I recall as a child that there were two kinds of Christmas wrapping paper. One was a large roll wrapped alone, usually fancy. We never bought that one. We bought the cheap, small package of four rolls. Wrapping paper, one roll of tape, and we were on our way. But every year we made the same mistake and had to go back to the store to buy a second roll of tape the next day.
Next came the debate. Should you randomly wrap everyone’s gifts in any of the papers, or use one pattern for each person, turning Christmas morning into a somewhat organized chaos? I remember one problem using the one-pattern-per-person theory was that it easily backfired when the children started to count how many presents they got. You can obscure the number of presents a child has by using different wrappings, but if each kid has their own pattern it’s only a matter of time before they discover who got how many gifts and, in true Christmas spirit, begin fighting. The fact that one toy is more expensive than another does not count to a child. Plus, when you’re all done with the wrapping paper, the empty tubes become fighting swords for the next morning’s joust.
Somewhere there is a hall of shame for horrible gift wrappers. The first face you’ll see in there is mine. Never in my life have I successfully wrapped a gift that didn’t look like a committee of drunks did it. I always got the paper wrong and had to cut off some of the length and add it to the width to make it perfect. I work on making those nice little hospital corners but they always look like they got run over by a dump truck.
I can get a ribbon wrapped around the box, but then I have to face my nemesis—the bow. Nowadays, I just press in the pre-made bows. But in the olden days, we had to make our own. Once you tied the ribbon around the present, you had long strips left-over which theoretically were self-curling ribbons but weren’t exactly self-curling. You had to open a scissor, place the ribbon on the blade, place your thumb against the ribbon which is against the blade, pull tight, and pull the ribbon, through to make it curl, but not with so much power that you would make it straight. An open blade, my thumb pressing down hard, anything can slip in any direction, what could possible go wrong with that? You had to do this another 15 times to get enough self-curling ribbons to make a fancy bow, plus with 15 ribbons it was easy to hide the ones with the blood underneath.

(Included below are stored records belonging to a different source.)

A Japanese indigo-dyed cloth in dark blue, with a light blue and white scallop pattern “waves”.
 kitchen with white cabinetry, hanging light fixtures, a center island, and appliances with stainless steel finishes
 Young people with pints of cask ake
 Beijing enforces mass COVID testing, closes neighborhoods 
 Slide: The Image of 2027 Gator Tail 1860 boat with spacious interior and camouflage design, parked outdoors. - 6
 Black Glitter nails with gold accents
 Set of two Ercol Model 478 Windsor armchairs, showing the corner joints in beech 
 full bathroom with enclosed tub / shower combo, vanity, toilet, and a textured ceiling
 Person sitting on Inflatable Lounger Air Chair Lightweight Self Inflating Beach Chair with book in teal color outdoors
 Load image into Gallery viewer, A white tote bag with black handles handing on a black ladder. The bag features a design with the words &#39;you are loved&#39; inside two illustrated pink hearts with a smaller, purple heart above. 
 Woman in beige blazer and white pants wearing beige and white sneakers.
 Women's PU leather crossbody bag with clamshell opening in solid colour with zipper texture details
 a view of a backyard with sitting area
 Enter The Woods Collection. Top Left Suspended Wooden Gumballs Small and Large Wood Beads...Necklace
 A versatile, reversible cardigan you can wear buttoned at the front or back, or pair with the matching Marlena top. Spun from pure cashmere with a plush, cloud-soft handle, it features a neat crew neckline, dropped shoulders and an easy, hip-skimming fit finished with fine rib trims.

I recall wrapping parties with my mother, grandmother and aunt. The one problem we constantly had was we got so caught up in our wrapping, we commonly neglected to label the gift. We had to tear open a corner until we figured out what was inside. Then we had to patch it up so that no one would know what stupid elves we were.
Leftover wrapping paper was put away for next year. Now I think to myself how ridiculous it is to save 89 cents worth of paper. But my grandmother went through the Depression and had a poem she liked to recite. “Use it up, wear it out, make it do, or do without.” People who lived through that era are notably frugal, and if my grandmother could figure a way to put a patch on a popped balloon, she would.
Now, wrapping is a breeze. I love the pre-fabricated bags you just drop the present in. And if you order online, they wrap it for you. The days of shamefully handing over a gift that looks like I wrapped it in the car on my way over are gone.
Such a simple task, wrapping a box. How can it challenge me the way it does? I actually took a three-hour gift-wrapping class a few years ago. I failed wrapping, but took a medal for origami model of a DNA helix. Not exactly what I was going for, since I was trying to wrap socks. Well, happy wrapping and Merry Christmas.